§ **Data provided**:
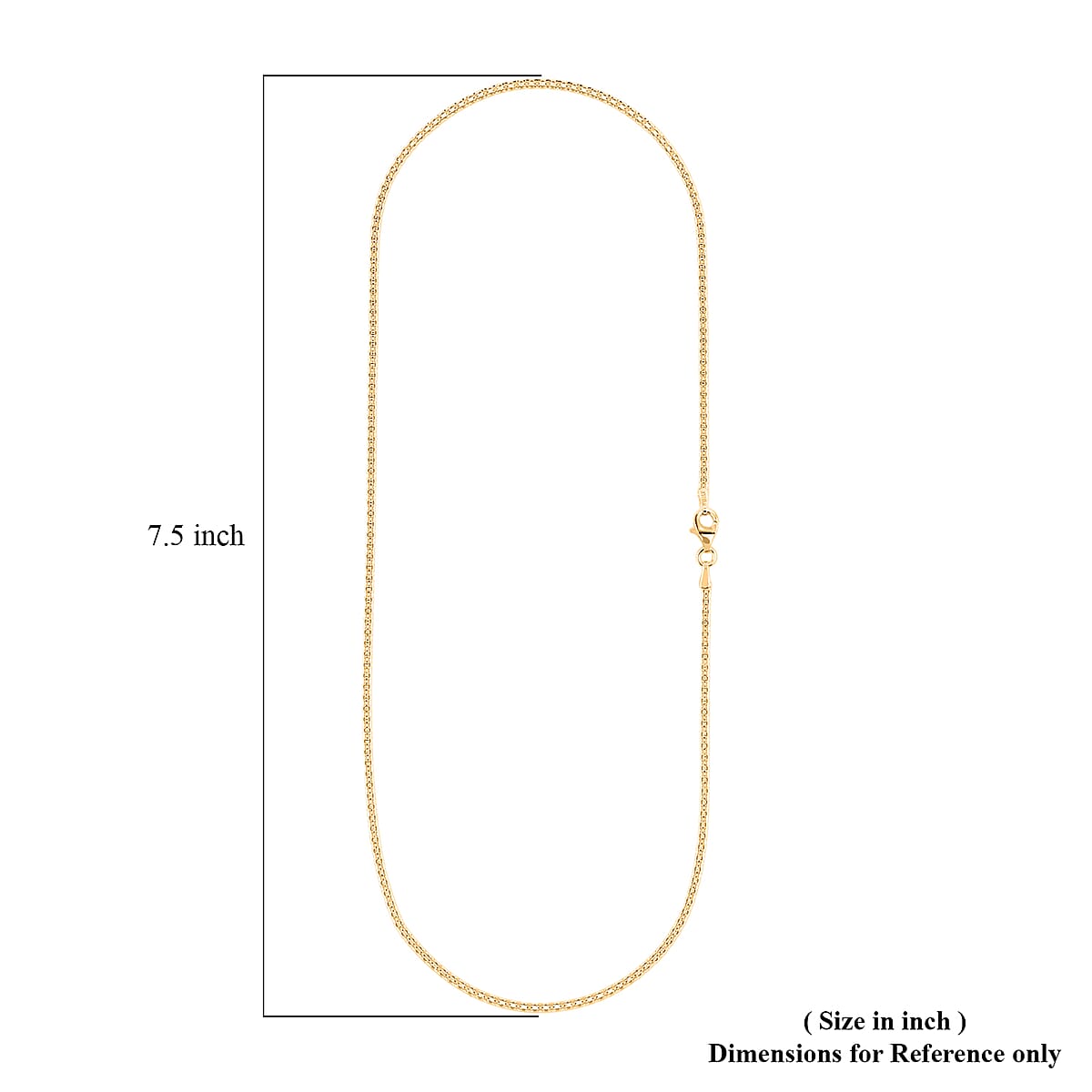 Italian Chain Necklace in 14K Yellow Gold Over Sterling Silver 3.12 Grams 18 Inches image number 6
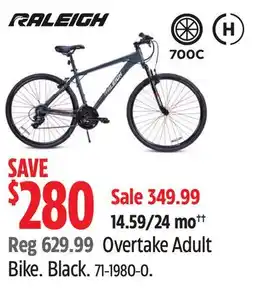 Canadian Tire Raleigh Overtake Adult Bike offer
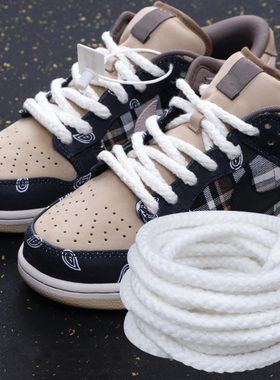 适配腰果花圆形亚麻鞋带TSX SB dunk联名LOW JACKBOYS棉麻1970s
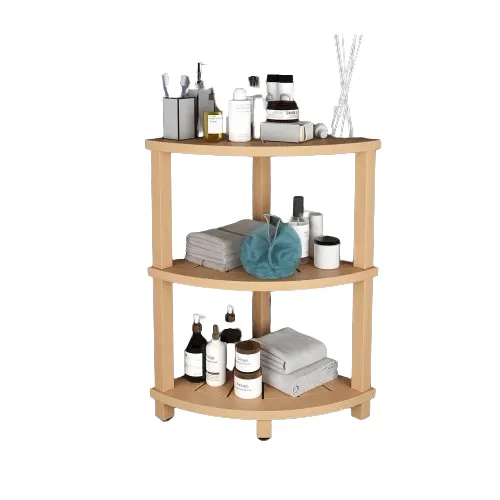 3-Tier Shower Corner Stool, caixa de armazenamento do canto do banheiro impermeável para o chuveiro interior, prateleira autônoma do armazenamento do canto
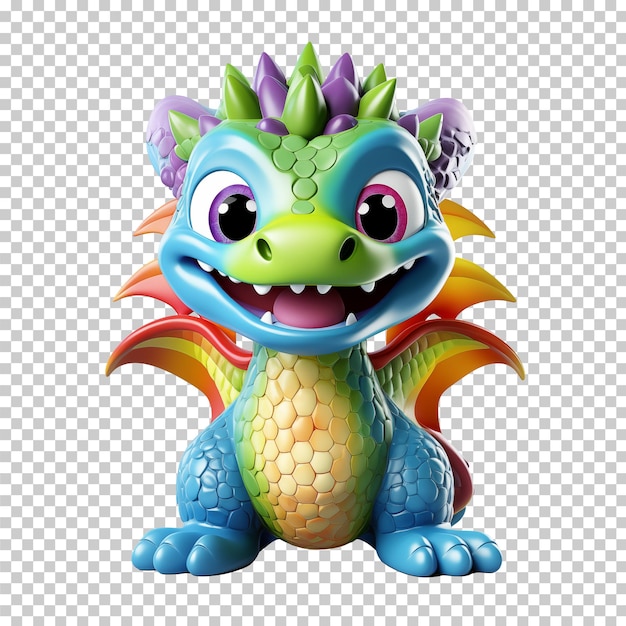 PSD modello 3d del cartone animato del drago arcobaleno isolato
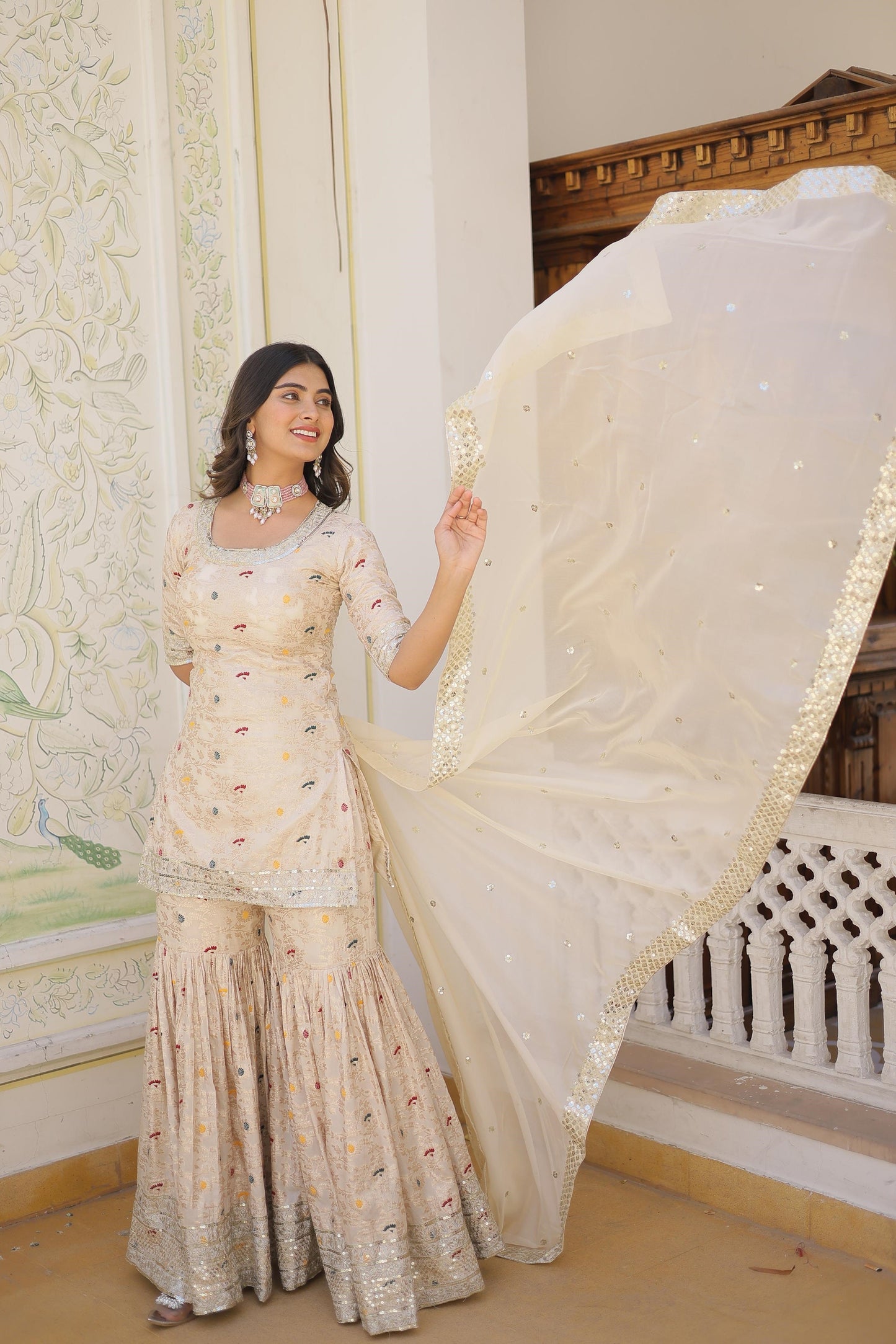 Function Wear Jacquerd Pink, Cream & Purple Color Sharara Suit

§ **What needs to be done**:
In your copy of the listing above, every line must match exactly and no picture may appear.

§ **Written solution**:
 Italian Chain Necklace in 14K Yellow Gold Over Sterling Silver 3.12 Grams 18 Inches image number 6
 Canadian Tire Raleigh Overtake Adult Bike offer
 适配腰果花圆形亚麻鞋带TSX SB dunk联名LOW JACKBOYS棉麻1970s
 3-Tier Shower Corner Stool, caixa de armazenamento do canto do banheiro impermeável para o chuveiro interior, prateleira autônoma do armazenamento do canto
 PSD modello 3d del cartone animato del drago arcobaleno isolato
 Function Wear Jacquerd Pink, Cream & Purple Color Sharara Suit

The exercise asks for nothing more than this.